Like the regression method, matching and propensity-based methods can still be biased if we still have some difference in unobserved factors that affect conversion. For exact matching, if two users have the same observed factors then the decision of whether to advertise to them or not might be the same for both. Likewise for propensity methods, there is a risk that propensities will gravitate towards 0 or 1, since “sophisticated ad-targeting systems aim for ad exposure that is deterministic and based on a machine-learning algorithm. In the limit, such ad-targeting systems would completely eliminate any random variation in exposure”. While Facebook does identify variation in treatment that is plausibly not correlated with conversion likelihood, their empirical results suggest that the bias remains and there is still a selection effect where the treated population is intrinsically more likely to convert than the untreated population.

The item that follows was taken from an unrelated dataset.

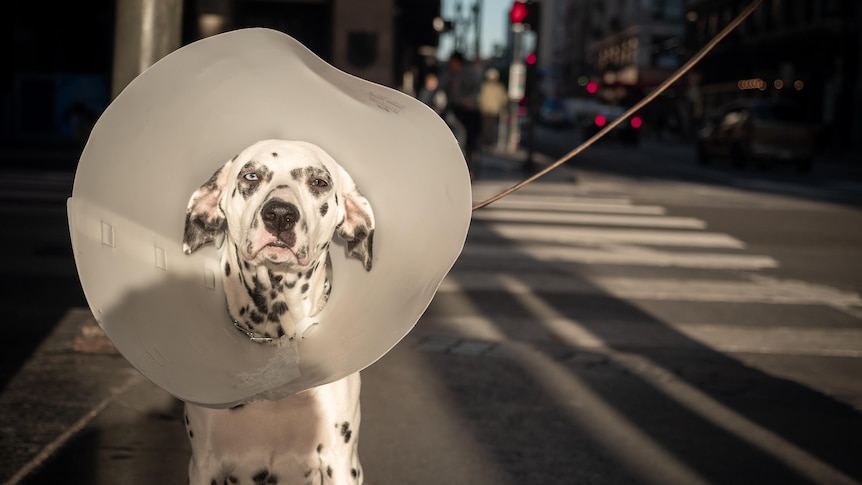 Black and white dog wearing cone around its neck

Google has a useful guide in which they also highlight that selection bias “perhaps represents the largest hurdle to [these types of models] providing valid estimates of advertising effectiveness” [3]. They cover a few types of selection bias, including “ad targeting as the ads are targeting a segment of the population which has already shown an interest in the product” such that the “underlying interest or demand of the targeted population is not observable and not included in the model”.

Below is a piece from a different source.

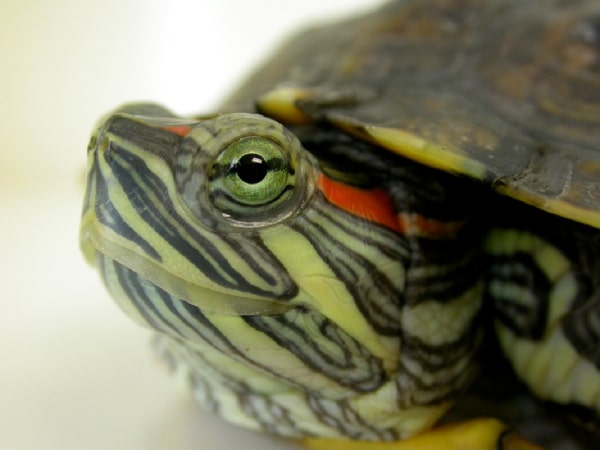 Как лечить конъюнктивит у черепахи в домашних условиях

The rest of us are in a much worse position than Facebook was for their study. We do not have the same accuracy of user tracking or depth of user-level features. Omitted variable bias could be much more severe, and if our only data variation is time periods then we have few data points relative to the high number of features we would ideally like to include.
In summary
In this post I wanted to get two points across. Firstly, incremental revenue from advertising campaigns is likely substantially lower than non-incremental revenue, such that incrementality or lift measurement is an essential problem for advertisers. Secondly, observational measurement is wildly inaccurate relative to randomized control trials.
Now that I’ve laid the groundwork, my next post will cover some technical challenges that persist even when we can run randomized trials, and the post after will discuss organizational or strategic challenges that further complicate decision-making.
[1] Blake, T., Nosko, C., & Tadelis, S. (2015). Consumer Heterogeneity and Paid Search Effectiveness: A Large-Scale Field Experiment: Paid Search Effectiveness. Econometrica, 83, 155-174.
[2] Gordon, B.R., Zettelmeyer, F., Bhargava, N., & Chapsky, D. (2018). A Comparison of Approaches to Advertising Measurement: Evidence from Big Field Experiments at Facebook. Managerial Marketing eJournal.
[3] Chan, D., & Perry, M. (2017). Challenges and Opportunities in Media Mix Modeling.
We will set aside the case of users arriving after multiple advertisements. Most commonly we attribute the entire revenue to the last advertisement the user interacted with or saw, a method known as last-touch attribution.
Bidding higher is one way to increase program size. Another is to bid under more conditions, since platforms typically support keyword, geography, and demographic conditions. In a way, bidding more widely is a special case of bidding higher, by increasing bids from 0 to some non-zero positive amount.
Shout-out to Dimitriy Masterov for teaching me (and many others!) about these experiments.
This is lift across the entire Intent to Treat (ITT) population, as opposed to lift purely on the actually treated population. The paper includes both types of lift estimates.
Frankly, I wonder if the results would be favourable enough for them to want to share them even if they could.